Er hatte im Büro gesessen, allein, ohne irgendwas zu tun, als er gegen 23.25 Uhr hörte, wie eine Autotür zugeschlagen wurde. Dann war ein großer Turbodiesel angesprungen. Er schilderte das Krachen, mit dem der Rückwärtsgang eingelegt wurde, und das Klicken der einrastenden Differenzialsperre. Dann waren Reifengeräusche, Motorenlärm und knirschender Kies zu hören gewesen, als ein sehr großer, schwerer Wagen davonraste. Der Junge war von seinem Hocker aufgestanden und hinausgelaufen, um nachzusehen, hatte den Wagen aber nicht mehr zu Gesicht bekommen.
»Warum haben Sie im Zimmer nachgesehen?«, fragte ich ihn.
Er zuckte mit den Schultern. »Ich dachte, dort könnte es brennen.«
»Brennen?«
»Solche Sachen machen die Leute in Billigmotels. Sie setzen ihr Zimmer in Brand. Und dann hauen sie schleunigst ab. Nur so zum Spaß. Oder wegen sonst was.
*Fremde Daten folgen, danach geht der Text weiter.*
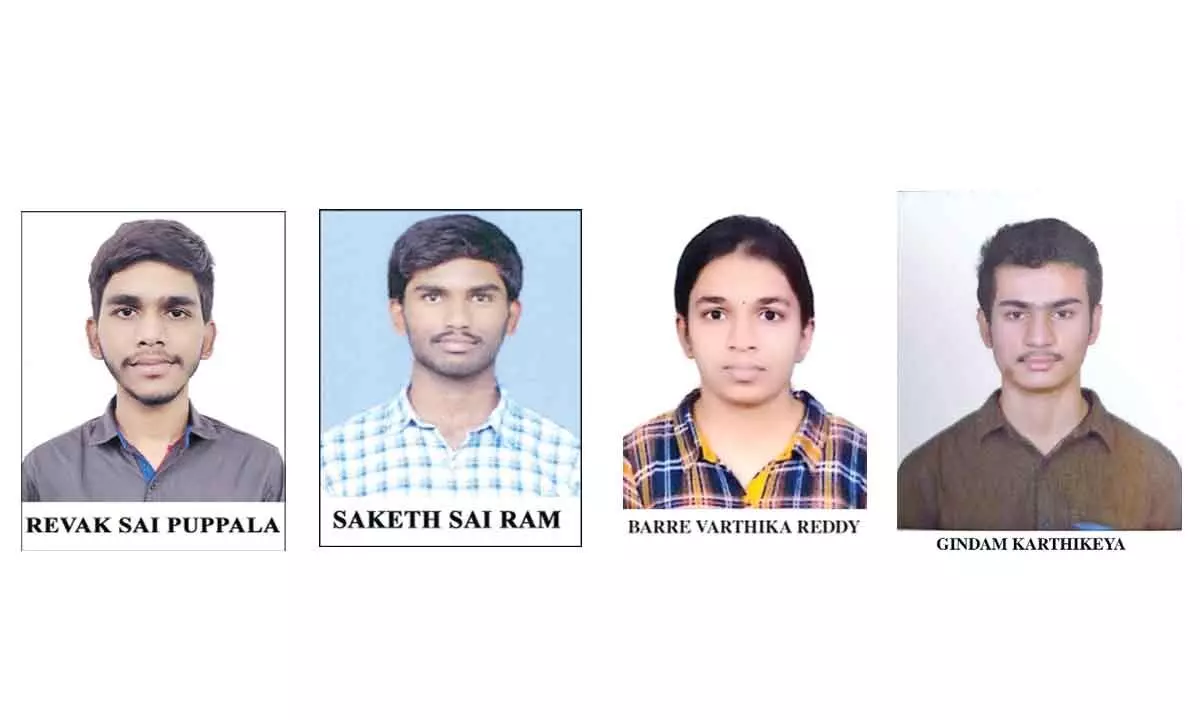 Warangal: SR students secure high marks in JEE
Keine Ahnung. Jedenfalls war’s ungewöhnlich.«
»Woher wussten Sie, in welchem Zimmer Sie nachsehen mussten?«
Über diesen Punkt schwieg er sich beharrlich aus. Summer bemühte sich, ihm eine Antwort zu entlocken. Dann setzte ich ihm zu. Wir wechselten uns als guter Cop und böser Cop ab. Schließlich gab er zu, Kramers Zimmer sei als einziges für die ganze Nacht vergeben gewesen. Alle anderen wurden stundenweise an Gäste vermietet, die nicht mit dem Auto, sondern zu Fuß aus der Bar herüberkamen. Deshalb war er sich auch ganz sicher, dass sich keine Nutte in Kramers Zimmer befunden hatte. Er war fürs Ein- und Auschecken verantwortlich. Kassierte die Stundenmiete und gab die Schlüssel aus. Kontrollierte ihr
Kommen und Gehen. Daher wusste er immer, wer wo war. Das gehörte zu seinen Pflichten. Der Teil seiner Beschäftigung, von dem er niemandem erzählen durfte.
»Jetzt bin ich meinen Job los«, sagte er.
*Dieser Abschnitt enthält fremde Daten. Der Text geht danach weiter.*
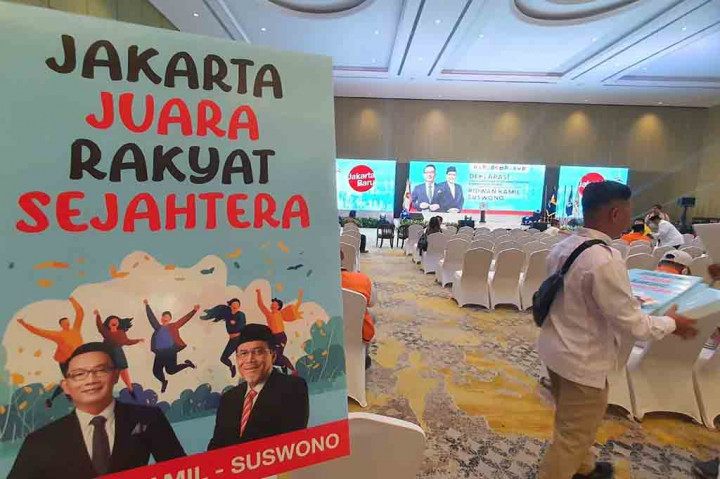 Pantauan Medcom.id, pada videotron indoor terpampang gambar Ridwan dan Suswono yang memakai jas hitam berlapis kemeja putih. Tertulis 'Deklarasi Calon Gubernur dan Calon Wakil Gubernur Daerah Khusus Jakarta, Ridwan Kamil dan Suswono'.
Das machte ihm solche Sorgen, dass ihm Tränen in die Augen traten, Summer beruhigte ihn. Danach berichtete er, wie er Kramers Leiche entdeckt, die Cops benachrichtigt und vorsichtshalber alle Stundengäste weggeschickt hatte. Deputy Chief Stockton war nach ungefähr einer Viertelstunde aufgekreuzt, ich eine Weile nach ihm. Bei meinem späteren Wegfahren hatte er die gleichen Autogeräusche wie zuvor gehört. Den gleichen Motorenlärm, das gleiche Heulen des Antriebsstrangs, die gleichen Rollgeräusche. Das klang überzeugend. Da er schon zugegeben hatte, dass das Motel ständig von Nutten genutzt wurde, gab es keinen Grund mehr, uns zu belügen. Und Humvees waren noch relativ neu und selten. Und ihr Fahrgeräusch war charakteristisch. Deshalb glaubte ich ihm. Wir traten hinaus ins Freie.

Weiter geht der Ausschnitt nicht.